What have you been up to since you left the Academy in 2022?
I was excited to get a very special first engagement immediately after graduating. I played Nerone in Monteverdi’s L’incoronazione di Poppea with Ensemble OrQuesta. They specialise in Baroque opera, which is an area I am particularly interested in.
A couple of months after that, I was fortunate to get a scholarship to join the International Opera Workshop in Waiblingen. It is a week-long programme run by Thomas Hampson, alongside Melanie Diener and Vlad Iftinca, and it was such a fantastic opportunity to work with these inspirational professionals.
I’ve been focused on finding my way in the industry. I spent time applying for various young artist programmes and studios, as well as attending a few competitions in Spain and Italy. One particularly special moment for me was a masterclass with Anne Sofie von Otter at the Royal Swedish Opera. I learnt so much from her!
Then most recently, I joined the Judith Neilson Young Artist Programme at Cape Town Opera in summer 2023.
Tell me more about the process for joining Cape Town Opera.
I came across an opportunity from Cape Town Opera saying that they were going to open their Young Artist Programme to international singers for the first time. Although I already knew about the company, it really caught my attention at the International Opera Awards at Teatro Real in 2022, where their Foundation Studio was awarded the Equal Opportunities & Impact prize.

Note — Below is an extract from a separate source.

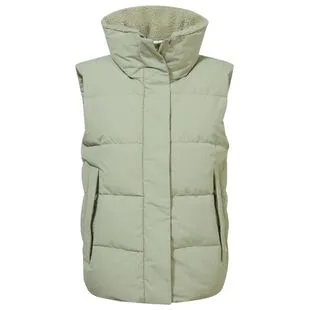 Craghoppers anders new arrivals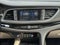 2023 Buick Enclave AWD 4dr Avenir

I’d never considered going somewhere so far away, but Cape Town Opera seemed like an inspiring team to be a part of. I decided there wasn’t anything to lose so I sent in my application. I was ecstatic when I was offered the job!

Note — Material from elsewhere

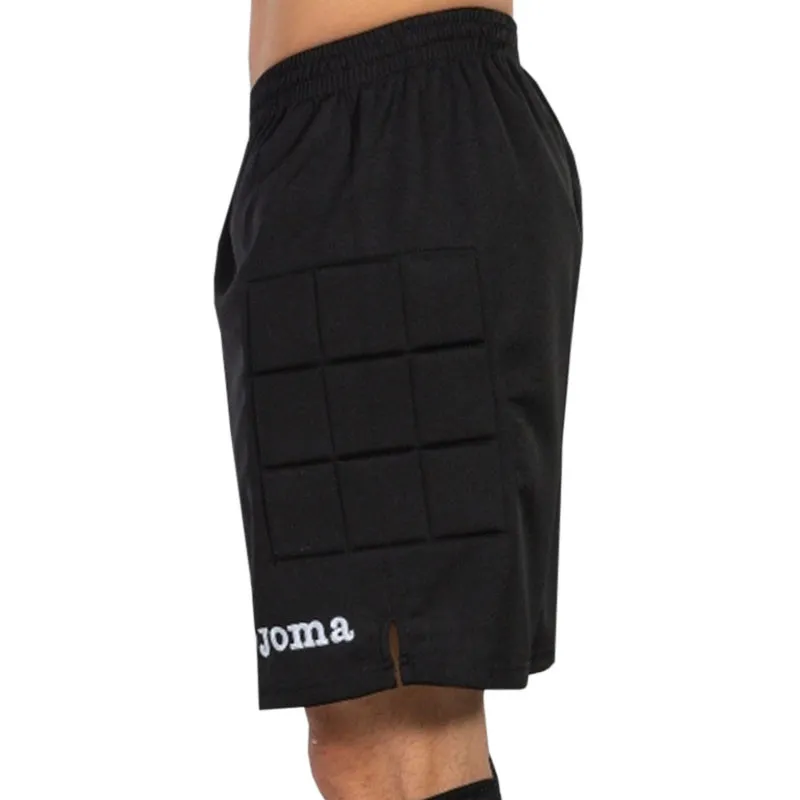 Pantalón portero Joma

I love that there are two women at the top of the company, Magdalene Minnaar (Artistic Director) and Lize Thomas (Head of Judith Neilson Young Artist Programme and Artistic Manager). They were so helpful and answered any questions I had about Cape Town and the programme. The visa process was the hardest part of the whole thing. I eventually started in June 2023 and so I’ve been here about six months now.
How have your first six months been?
It’s such a warm, beautiful and friendly place to be. When I first started, I managed to catch their rehearsals for Tosca. I loved that I was able to start out by watching and learning, rather than immediately having to perform on stage. I then enjoyed my first engagement, the alto solo in Mozart’s Requiem in a special danced production, followed by Flora Bervoix in Verdi’s La traviata.
Everyone has been so encouraging. It’s shown me how important it is to have a good to team to rely on, especially in an industry where things can be stressful.
You have worked in a few different countries now. Have you found there has been much difference?
I’ve been surprised by how similar everything is between countries, in a good way. Even though South Africa and Europe are physically so far apart, we all make opera in a similar way and the way the team works was a very familiar experience too.
There are some small differences which vary. For example, in the Southern Hemisphere, seasons tend to run from January to December rather than from September as they do in Europe. Obviously, the actual country you are in changes, the people, landscape…and of course the weather!
What does the Academy mean to you?
I carry the training I received at the Academy with me every day. The teachers and mentors I had all helped build me to who I am today, both on a personal level and as a musician. A few to mention are Kathleen Livingstone, Iain Ledingham, Yvonne Howard, Caitlin Hulcup, Raymond Connell, Brenda Hurley, David Antrobus and all our language coaches.
One of the highlights of my time at the Academy came at the end of my undergraduate degree. I was lucky to perform in one of the Bach Cantatas, which were run by Iain Ledingham. At the time, it was one of the biggest engagements I’d had to prepare for. I remember seeing the Principal, Jonathan Freeman-Attwood in the audience and my parents were there as well to support me. It was a very special way to end the first cycle of my first studies at the Academy, and I think it helped to open other doors.
What is coming up next for you at Cape Town Opera?
The first production we’ll be doing in the new season is a double bill of Puccini’s Gianni Schicchi and Suor Angelica. I’m very excited to be playing La suora Zelatrice in Suor Angelica and Zita in Gianni Schicchi, which is a role I also played at the Academy.
Then there is a lot happening later in the year as well. They are bringing a one act opera festival to Cape Town Opera for the first time, where I’ll be embodying Dinah in Bernstein’s Trouble in Tahiti. Lastly, I’ll be performing Alisa in a production of Donizetti’s Lucia di Lammermoor that we’ll be touring in Cape Town and Johannesburg, amongst other concerts and events.
In the longer term, I definitely want to keep a relationship with Cape Town Opera. This is probably the best relationship I could have curated as my first professional one. I love travelling and learning about different places, so it’s my dream to keep doing this all over the world.